──────── DATASET RECORDS
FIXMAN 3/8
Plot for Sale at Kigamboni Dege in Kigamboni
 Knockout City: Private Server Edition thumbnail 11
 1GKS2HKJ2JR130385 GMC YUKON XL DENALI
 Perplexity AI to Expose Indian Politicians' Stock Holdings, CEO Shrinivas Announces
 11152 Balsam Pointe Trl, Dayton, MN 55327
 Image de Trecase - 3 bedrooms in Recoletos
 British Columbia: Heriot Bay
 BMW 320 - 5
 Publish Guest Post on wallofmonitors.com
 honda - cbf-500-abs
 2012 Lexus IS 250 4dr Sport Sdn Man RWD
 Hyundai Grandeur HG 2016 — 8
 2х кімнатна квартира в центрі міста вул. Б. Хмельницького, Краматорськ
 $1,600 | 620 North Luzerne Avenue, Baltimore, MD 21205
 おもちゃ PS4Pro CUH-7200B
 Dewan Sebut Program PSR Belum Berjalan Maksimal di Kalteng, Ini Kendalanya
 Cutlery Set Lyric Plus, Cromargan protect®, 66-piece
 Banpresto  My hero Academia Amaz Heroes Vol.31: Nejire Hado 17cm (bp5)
────────────────
:: TASK PROMPT ::
Scan the lines above for "Image de Trecase - 3 bedrooms in Recoletos" and for "Cutlery Set Lyric". Repeat exactly the line holding each of them and every line in between.

:: RESPONSE TO THE EXERCISE ::
 Image de Trecase - 3 bedrooms in Recoletos
 British Columbia: Heriot Bay
 BMW 320 - 5
 Publish Guest Post on wallofmonitors.com
 honda - cbf-500-abs
 2012 Lexus IS 250 4dr Sport Sdn Man RWD
 Hyundai Grandeur HG 2016 — 8
 2х кімнатна квартира в центрі міста вул. Б. Хмельницького, Краматорськ
 $1,600 | 620 North Luzerne Avenue, Baltimore, MD 21205
 おもちゃ PS4Pro CUH-7200B
 Dewan Sebut Program PSR Belum Berjalan Maksimal di Kalteng, Ini Kendalanya
 Cutlery Set Lyric Plus, Cromargan protect®, 66-piece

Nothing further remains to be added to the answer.